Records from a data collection
● ● ●

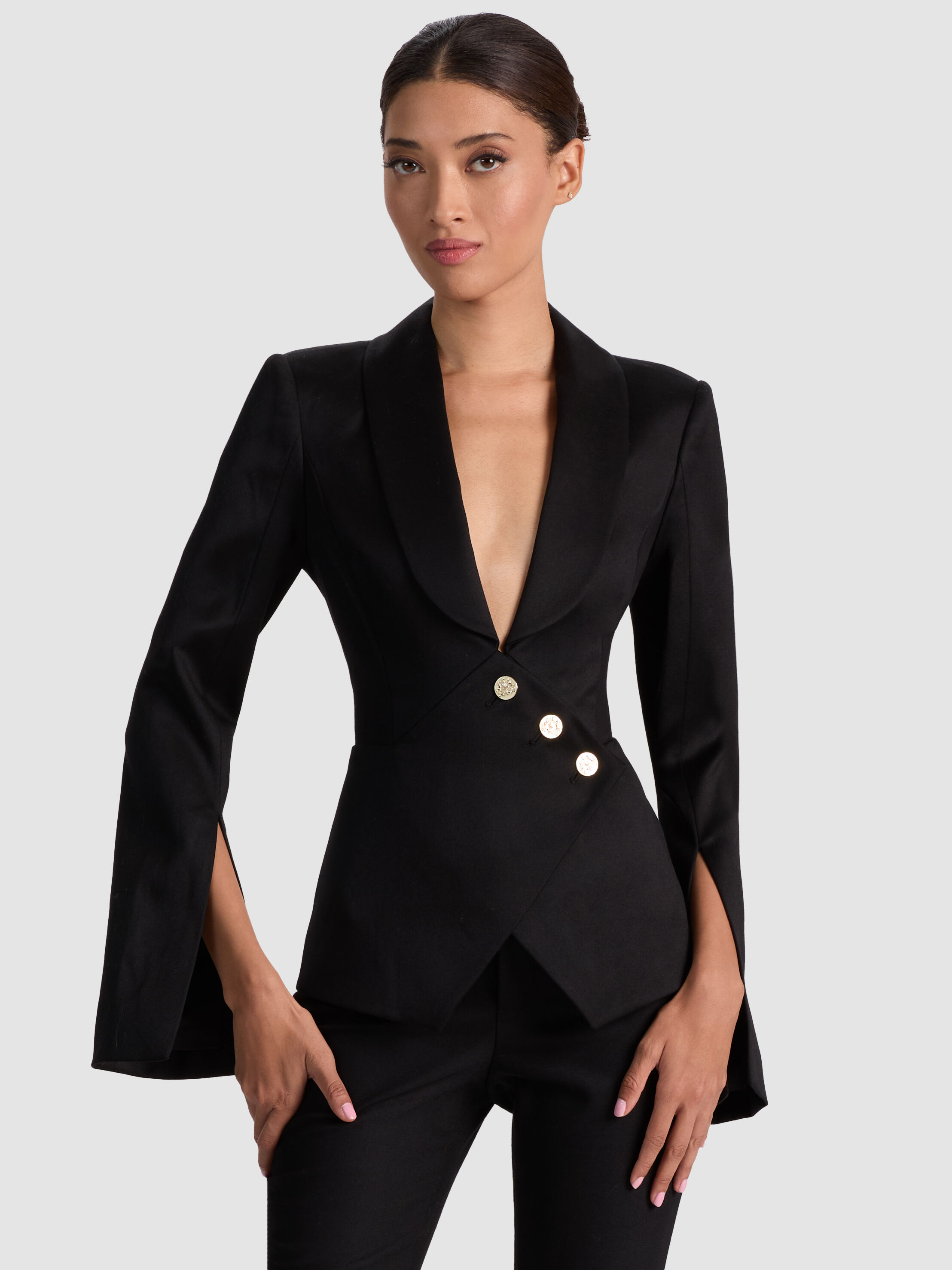 A woman wearing the ALICE + OLIVIA Sculpt Blazer styled with wide-leg pants and statement accessories — showcasing the blazer's sharp shoulder structure and asymmetric wrap front.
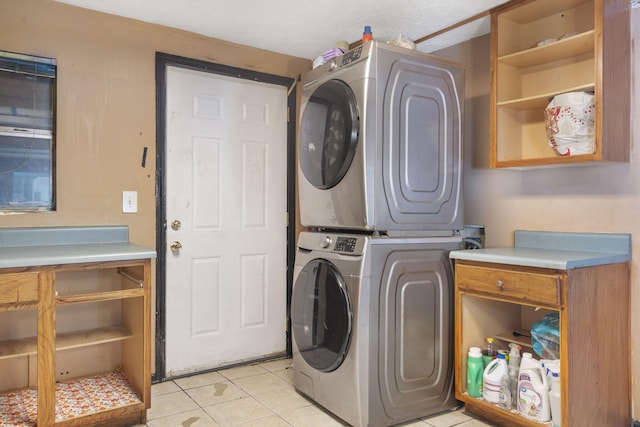 washroom featuring stacked washer and dryer, laundry area, and light tile patterned flooring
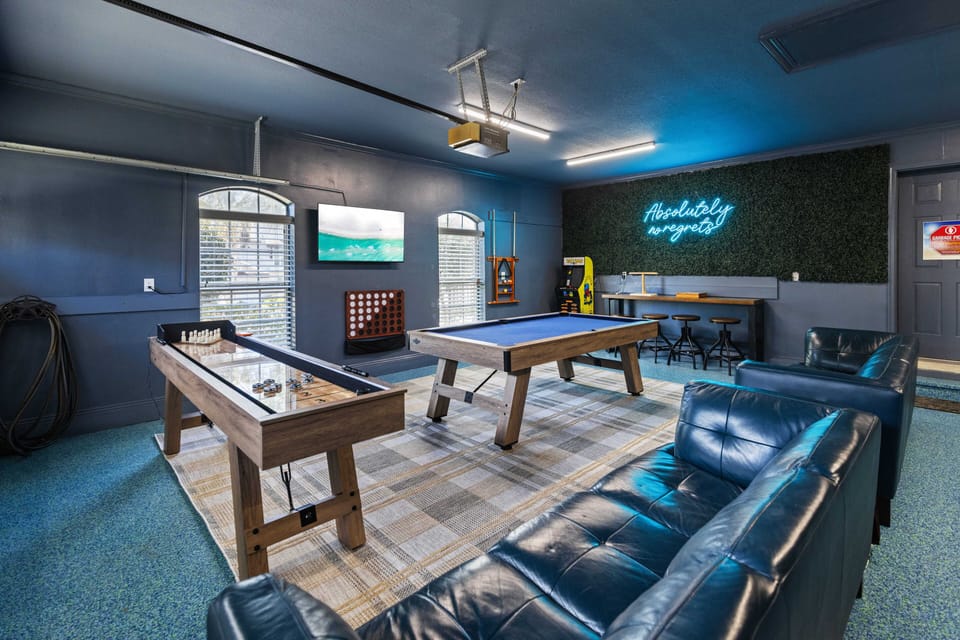 Step into your ultimate game room where friendly competition awaits with pool tables, arcade games, and cozy leather seating.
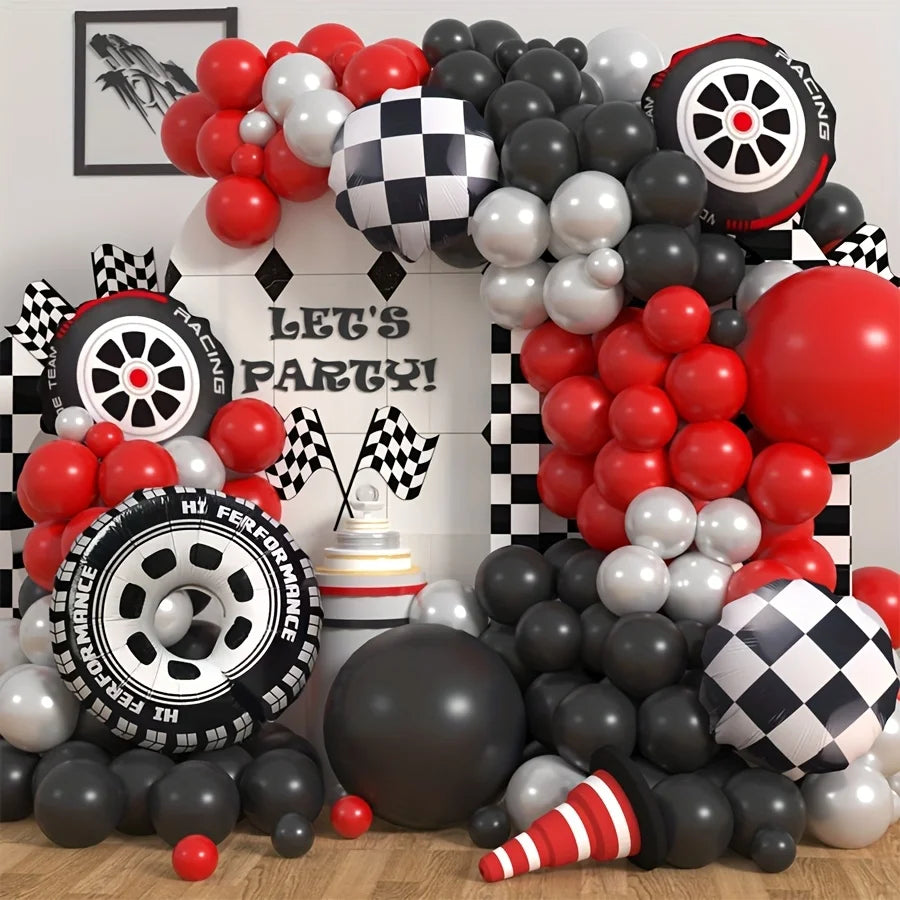 A balloon garland arch kit featuring red, black, and white latex balloons shaped like tires and other automotive themes.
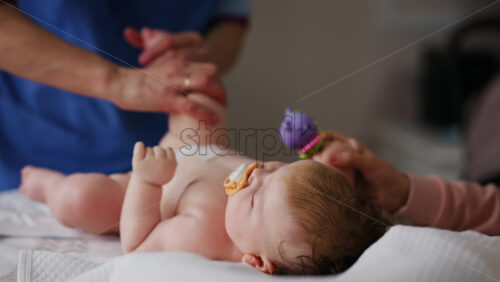 Baby lying on back with pacifier while adults assist with gentle arm and leg movements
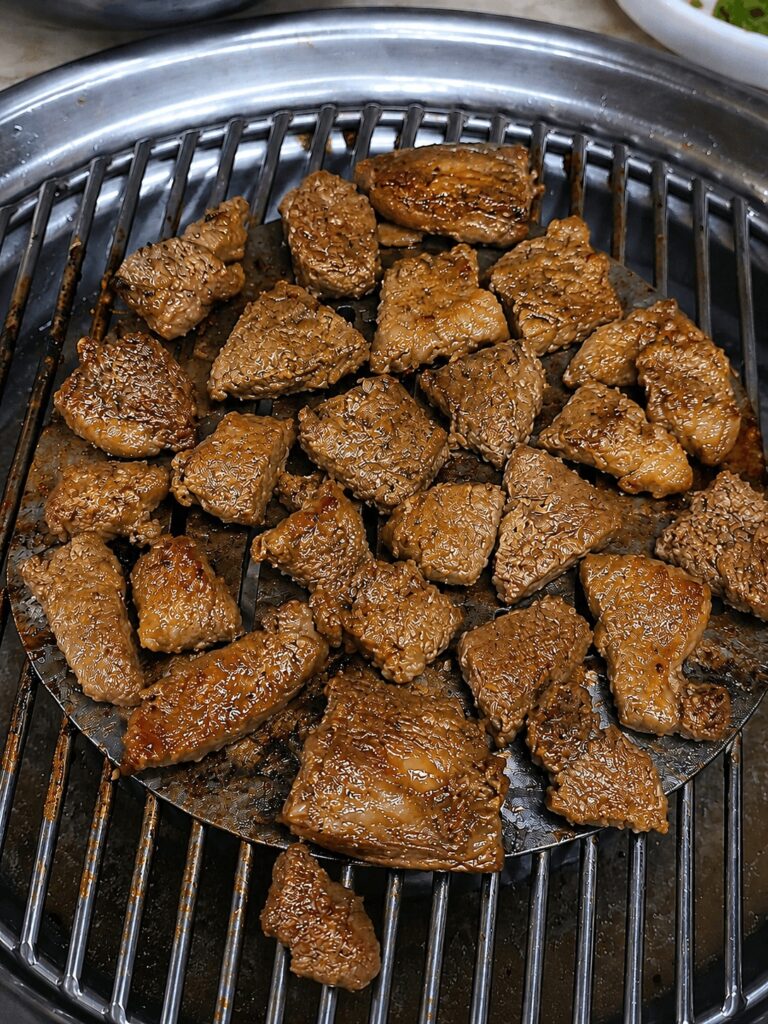Charcoal grilled pork galbi cooking at Jongno Korean BBQ restaurant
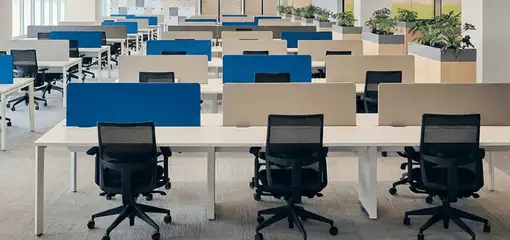 Modern open-plan office space featuring clean workstations, ergonomic chairs, and sanitized carpets provided by professional office cleaning services in Bloomington, IN.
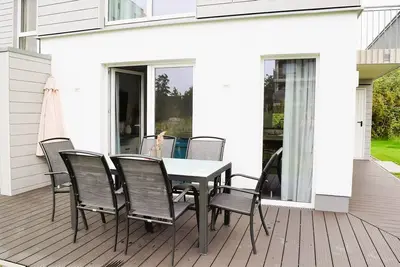 Image de Modern vacation home, sauna, south-facing terrace, loggia with sea view, pets - New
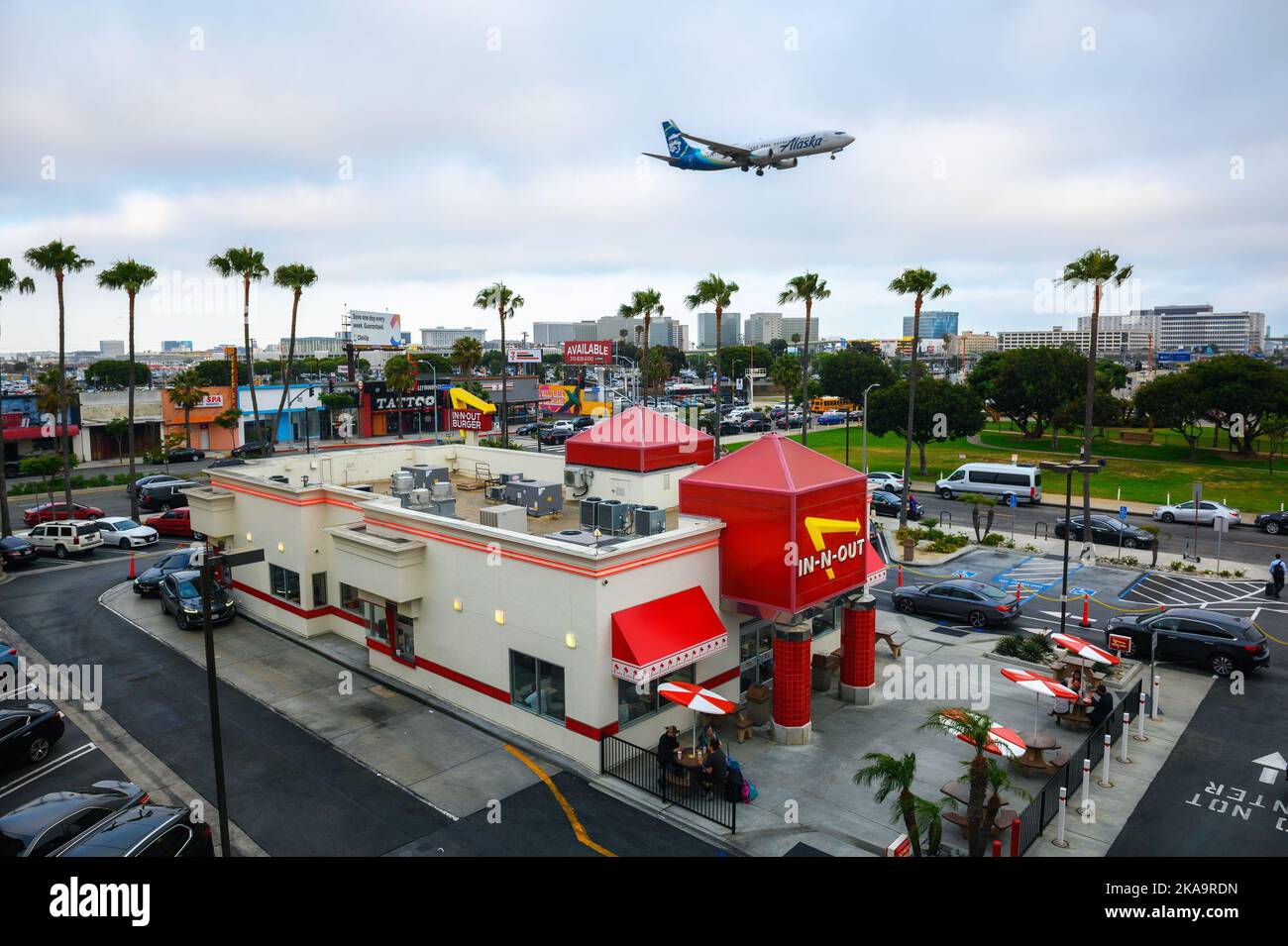 L'aereo Alaska Airlines sorvola il ristorante in-N-out Burger mentre atterra all'aeroporto internazionale di Los Angeles LAX Foto Stock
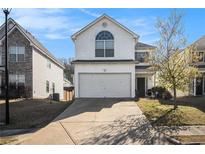 Two-story home with attached garage and long driveway on a sunny day at 5636 One Way, College Park, GA 30349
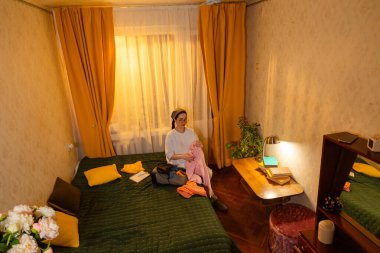 Kafkasyalı genç bir kadın gün batımında iç mekânda kıyafet düzenliyor. O, giysileri sakince katlar. Düzenli ev rutini. Geniş açı.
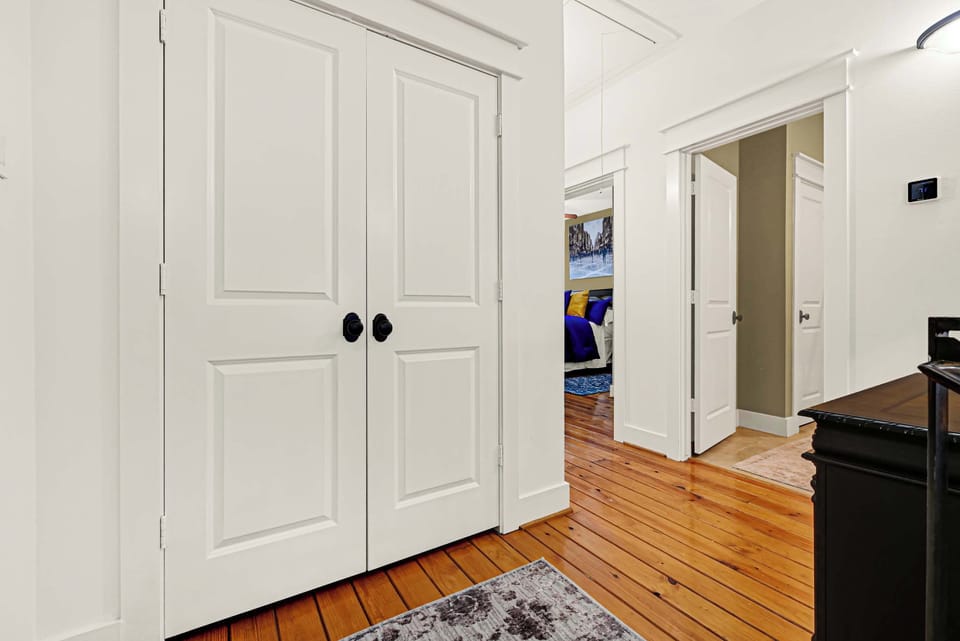 Upstairs hallway with closets and access to additional bedrooms.
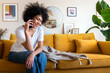© Daniel - Happy African American woman on mobile phone call sitting at home couch. Copy space.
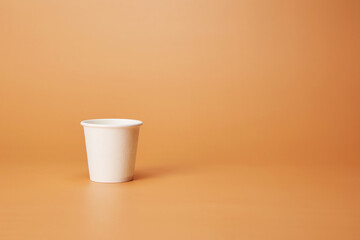Disposable white single one recyclable cardboard paper cup isolated on the bright solid fond plain...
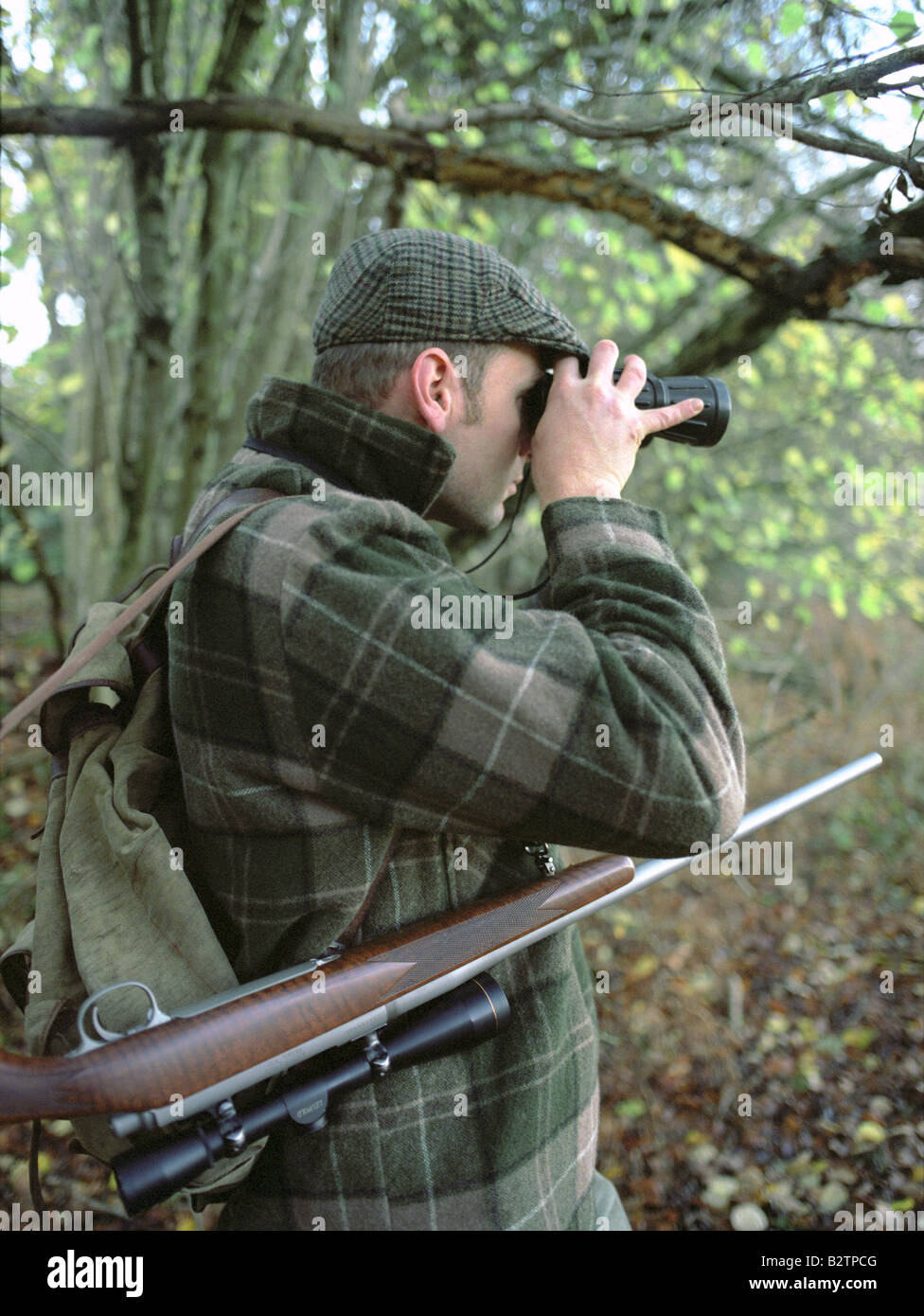 Deer Stalker with Binoculars & Rifle. Stock Photo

● ● ●

WHAT TO WORK ON: The stretch to restate runs from the line above containing "Baby lying on" through the line containing "Kafkasyalı genç bir". Copy it word for word, ends included, without pictures.

SOLVED EXERCISE:
 Baby lying on back with pacifier while adults assist with gentle arm and leg movements
Charcoal grilled pork galbi cooking at Jongno Korean BBQ restaurant
 Modern open-plan office space featuring clean workstations, ergonomic chairs, and sanitized carpets provided by professional office cleaning services in Bloomington, IN.
 Image de Modern vacation home, sauna, south-facing terrace, loggia with sea view, pets - New
 L'aereo Alaska Airlines sorvola il ristorante in-N-out Burger mentre atterra all'aeroporto internazionale di Los Angeles LAX Foto Stock
 Two-story home with attached garage and long driveway on a sunny day at 5636 One Way, College Park, GA 30349
 Kafkasyalı genç bir kadın gün batımında iç mekânda kıyafet düzenliyor. O, giysileri sakince katlar. Düzenli ev rutini. Geniş açı.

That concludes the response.